FESTSPIELE / TIMOR DEI
21/07/25 Nachdem er ins Meer geworfen und vom Walfisch verschluckt worden war, hatte der Prophet Jonas hinlänglich Zeit, über seine Berufung – die Bekehrung der Bewohner der Stadt Ninive – nachzudenken. Giacomo Carissimi hat dies in einem Oratorium packend geschildert.
Von Reinhard Kriechbaum
Carissimis Oratorien sind die frühesten der Gattung, eine Übertragung des eben in dieser Zeit, im frühen 17. Jahrhundert, herausgebildeten Stils der frühen Oper auf biblische Stoffe. Monteverdi lässt grüßen. In einer Matinee der Ouverture spirituelle am Sonntag (20.7.) in der Kollegienkirche hat das Ensemble Vox Luminis unter der Leitung von Lionel Meunier zwei beispielhafte Stücke von Giacomo Carissimi (1605-1674) vorgestellt.
Warum Jonas überhaupt im Fischbauch gelandet ist? Er wollte nicht recht spuren, als ihn Gott mit dem Auftrag der Missionierung von Ninive überraschte. Jonas zog die Flucht per Schiff vor, aber der alttestamentarische Himmelvater hat prompt einen respektablen Seesturm entfacht, um Jonas wieder auf den rechten Weg zu führen. Diese Historia di Jonas ruft förmlich nach musikalischem Ausmalen. Nicht nur, wenn die Wogen hochgehen und die Seeleute in gar arger Not Schreckensrufe ausstoßen. Jonas hebt dann im Bauch des Walfisches zu einer umfänglichen Selbstreflexion im Stil der Monteverdi'schen Monodie an. Die knackig erzählte Geschichte geht natürlich gut aus, nach ein paar Sätzen ist das ins Laster entgleiste Ninive auf Schiene.
Im Oratorium Historia di Jephte endet die Sache unerfreulich.
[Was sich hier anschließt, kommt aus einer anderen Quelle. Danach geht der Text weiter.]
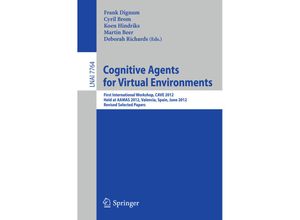 9783642364433 - Cognitive Agents for Virtual Environments Kartoniert (TB)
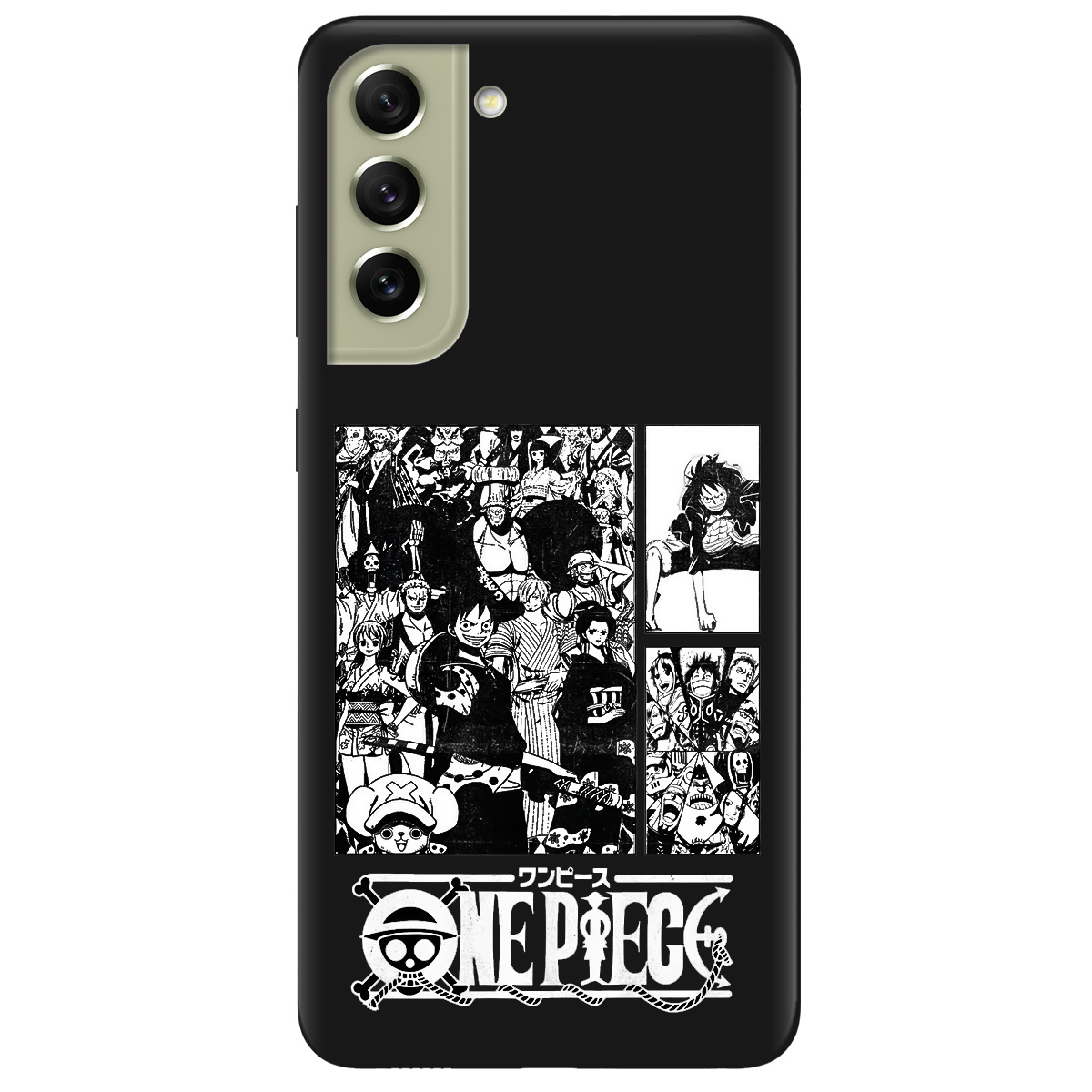 Чохол для Samsung Galaxy S21 FE чорний матовий soft touch Panels - фото 1 - Чохли для телефонів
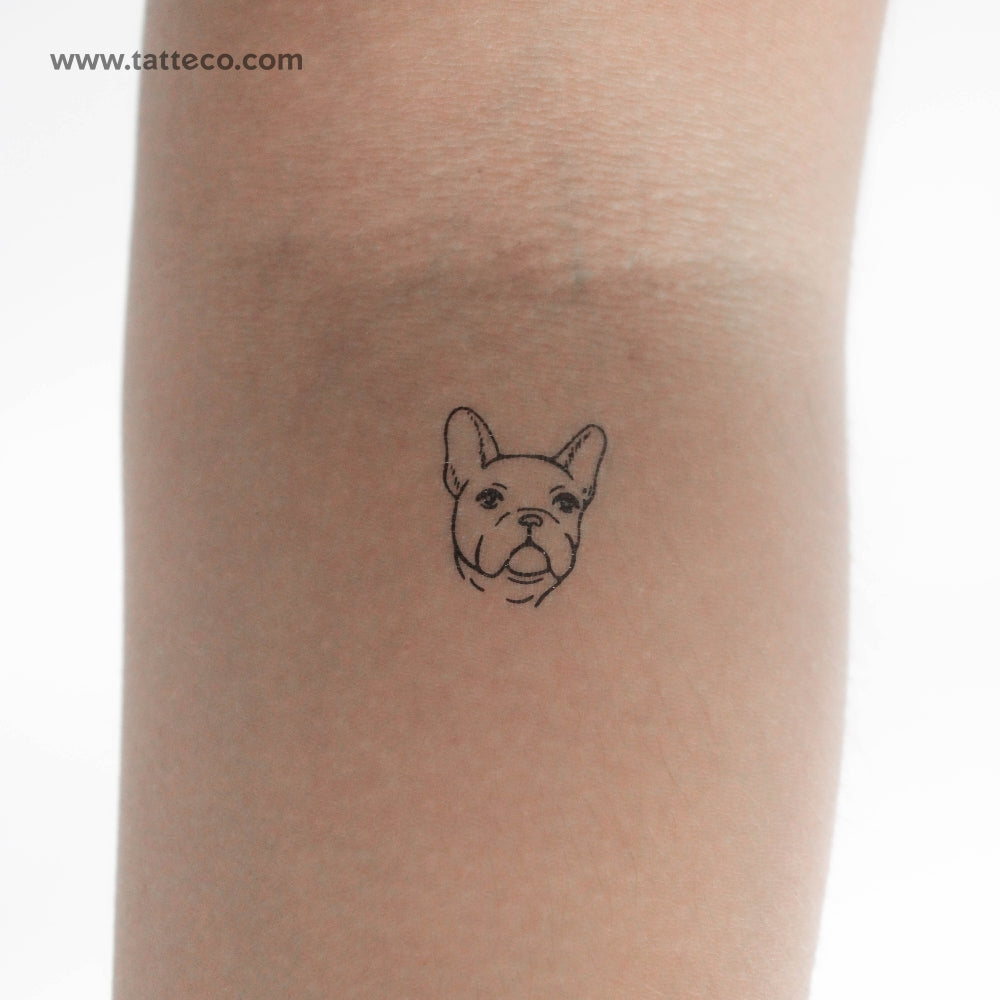 French Bulldog Temporary Tattoo - Set of 3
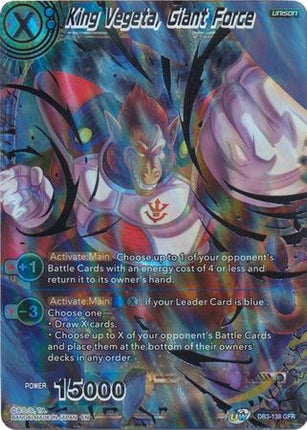 King Vegeta, Giant Force (DB3-138) [Giant Force]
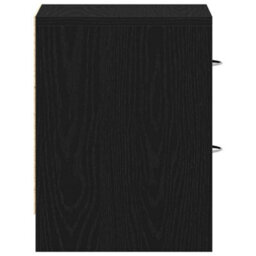 Berkfield Bedside Cabinet Black Oak 40X30X40 Cm Engineered Wood - thumbnail 7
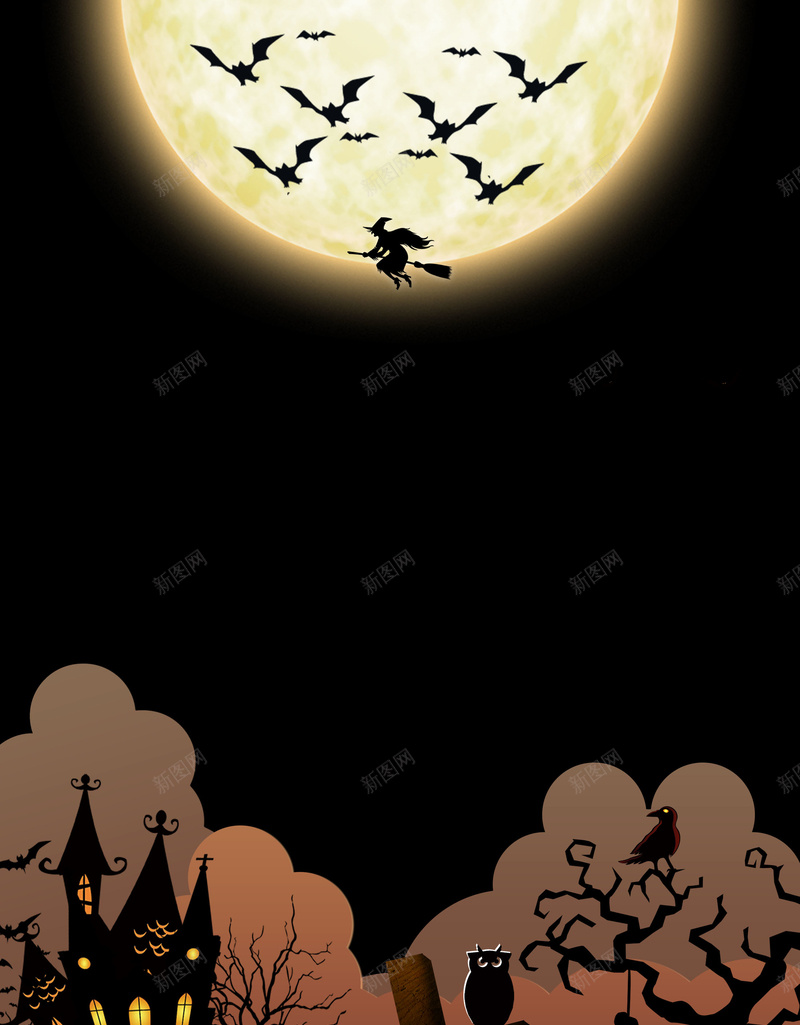 万圣节恐怖狂欢夜psd设计背景_新图网 https://ixintu.com 150PPI PSD源文件 万圣节 乌鸦 分层文件 南瓜头 吸血鬼 吸血鬼日记 平面设计 幽灵 恐怖 狂欢夜 老树昏鸦 蝙蝠 鬼节 黑屋 黑树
Es gibt zwar Aufschub für die Tochter des Königs, aber an ihrem Tod führt kein Weg vorbei. Jephte hat gelobt, nach siegreichem Feldzug den ersten Menschen zu opfern der ihm über den Weg läuft – und das ist ausgerechnet seine Tochter. Schlachtgetümmel, das hoch emotionale Gespräch des Königs mit seiner Tochter, ihr Klagegesang, bei dem einzelne Wörter von den Bergen als Echo zurückgeworfen werden – auch da konnte Carissimi aus dem Vollen schöpfen. Der Schlusschor Plorate filii Israel, plorate omnes virgines steht an Ausdrucksintensität Monteverdis hochberühmtem Lamento d'Arianna in nichts nach.
Vox Luminis, von Lionel Meunier mit sparsamen Gesten aus der Bass-Reihe heraus angeleitet, ist nicht nur als Chor schlagkräftig. Die Sängerinnen und Sänger übernehmen auch die solistischen Rollen, gestalten die Monodien so anschaulich, dass man eigentlich gar keine Übersetzung der lateinischen Texte benötigt. Was auch einnehmend war in dieser Interpretation: In vielen Barockensembles hat sich eine gar übertriebene Üppigkeit im Umgang mit dem Generalbass eingebürgert. Dem setzt Lionel Meunier Sparsamkeit entgegen. Die Gruppe ist mit Theorbe, Harfe, Gambe, Lirone und Orgel zwar reichhaltig besetzt, diese Farben werden aber sorgsam und zurückhaltend eingesetzt.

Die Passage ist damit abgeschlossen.